There’s a lot of stirring and rotating the paella that goes on between each addition. In the end, everything should be perfectly cooked without any remaining liquid. At that point, you dig in and eat straight from the pan.
How Do You Season A Carbon Steel Paella Pan?
Carbon steel paella pans should first be washed to remove any protective coating, then thoroughly dried. After that, very thin coats of oil should be added and cooked into the pan.
I use the same process as I do for seasoning a carbon steel frying pan. The large size of a paella pan can make it a little tricky to do on the stove top but a grill works really well.

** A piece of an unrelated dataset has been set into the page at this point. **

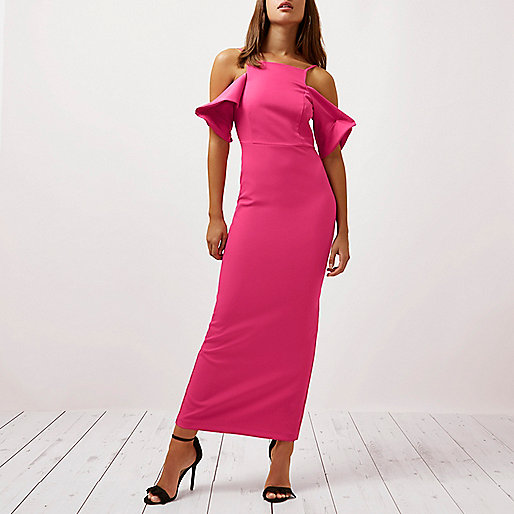 river island white sandals sale,jacques-vertuk Stores Bright pink frill sleeve bodycon maxi dress women 705586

How Do You Clean A Paella Pan?
Cleaning should be done by scraping off any excess food then scrubbing with water and a stiff-bristled brush. Avoid using soap as that can wash away your hard-earned seasoning. Afterwards, always thoroughly dry your pan to avoid rust.
If you have a stainless steel or enameled paella pan, you can go ahead and scrub with soapy water like you would any other pot or pan.
What Is A Pata Negra Paella Pan?
Pata negra paella pans are built from heavy-duty, carbon steel. They’re often labeled as “restaurant grade” because they are constructed from much thicker steel that can handle more wear and tear.
What Does Socarrat Mean?
Socarrat is the crispy rice that forms on the bottom of well-cooked paella. This crunchy layer is the most flavorful and sought-after part of a paella. If you find someone that can make paella with a good socarrat, become friends with them and never let them go.